Wednesday, January 15, 2014

The Politics of Losing Weight

Due to my dietary changes and an increase in exercise, I've lost a noticeable amount of weight.

It brings up a lot of old issues for me, and I feel I've been dealing with it mostly successfully. Then, I see someone I haven't seen for a while and they comment. Everyone loves to comment. There was a time in my past when I would have reveled in those comments. Those comments were part of what drove me to diet unhealthily as a teenager and I savored each one like it was a canape at a party I'd never be invited to again. Now, however, I dread them, they make me feel a part of a system that forces women to strive for a certain kind of perfection that isn't actually attainable. So many of us torment ourselves our entire lives to try and fulfill whatever aesthetic quality we think we're lacking.

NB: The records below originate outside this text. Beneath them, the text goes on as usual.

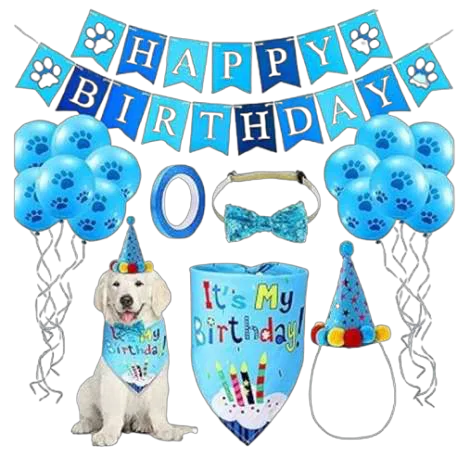 KIT DE CUMPLEAÑOS
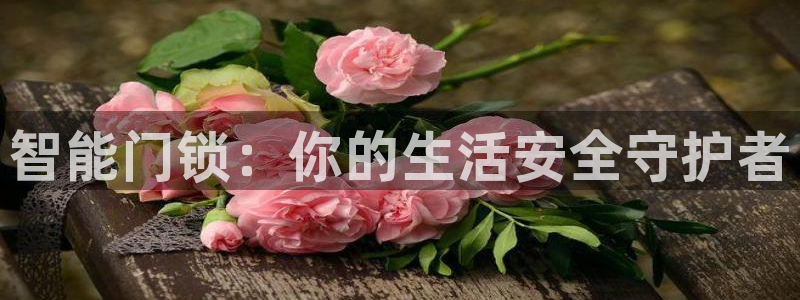 开丰娱乐地址：智能门锁：你的生活安全守护者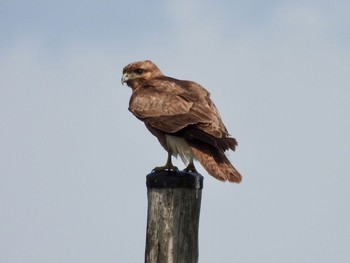 Sat, 3/6/2021 Birding report at Gonushi Pond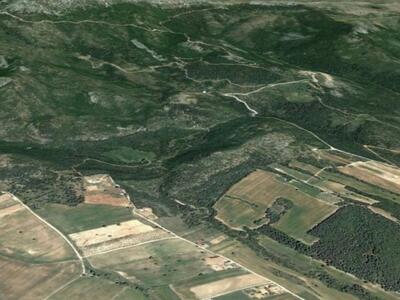 Μεγάλο το...μπέρδεμα με τους δασικούς χά...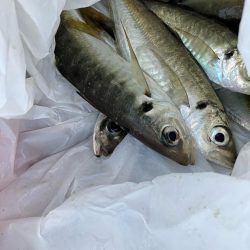 ノマセデビュー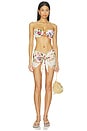 view 5 of 5 HAUT DE MAILLOT DE BAIN TORI in Bouquet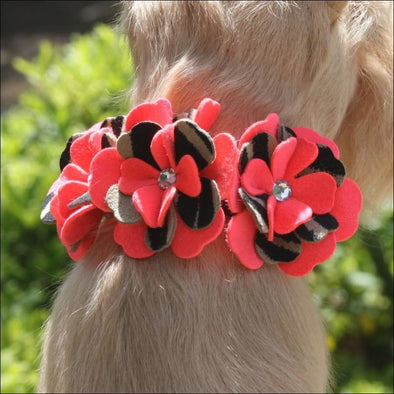 Sarah Collar - Collars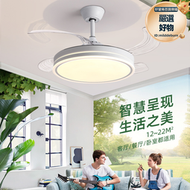 波西米亞隱形風扇燈2024新款吊扇燈吸頂家用客廳餐廳臥室電扇吊燈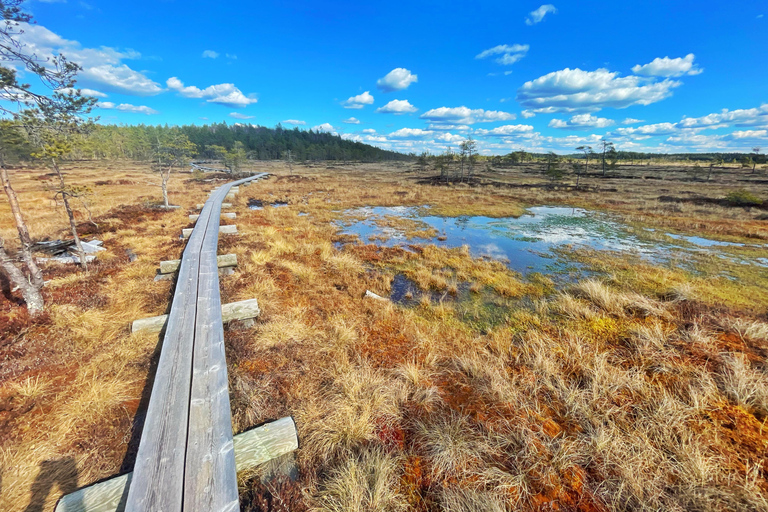 Helsinki: Full-Day Hike in Torronsuo’s Wild Bog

Some men do it, too, but it's not the same as the requirements our culture has for women to be fulfilling -- and if not, constantly striving for -- the unrealistic ideal.

Coming to realize that the world, since my birth, had conspired to force me into a wee box of performed femininity that just does not work for me, has been pretty great, actually. I realigned society's expectations of me with my inner feels and determined that I would be ok if I hardly ever wore make-up. And that probably no one would even notice.

My weight, however, is something that people always seem to notice, and feel super free to comment on, and I'm sure men encounter a version of this as well, but there are far more women with whom I've had to engage in this strange appearance-based verbal dance upon every meeting (You look so good! Oh no, I look terrible. You look thinner! No, you look thinner!) and it is exhausting.

I can usually see the good intentions. They mean to congratulate me for a job well done, to compliment me and perhaps find out my secret. But, I don't enjoy having my appearance publicly praised anymore. It makes me feel like a show dog who went to the pricy groomer this time. Besides, not everyone loses a bunch of weight because they want to wear a bikini, sometimes they lose weight because they can't afford food, or they're ill. Both have happened to me, and responding to a "You look great! How did you drop the weight?" with a raised eyebrow and a dry, "I'm poor," was really satisfying. I'd drop the awkward like a mic and walk away like a boss.

But, I don't have the energy for all that sass anymore, and this time my avenue of weight loss will be LOADS more fun for people to quiz me on (diet and exercise, THE WORST), so I've just got to avoid the subject, unless I want to piss off the diet junkies by refusing to waste my precious energy on regaling details of my diet and your diet and that ridiculous diet and that other ridiculous diet, because it's so. boring. and really rather stressful.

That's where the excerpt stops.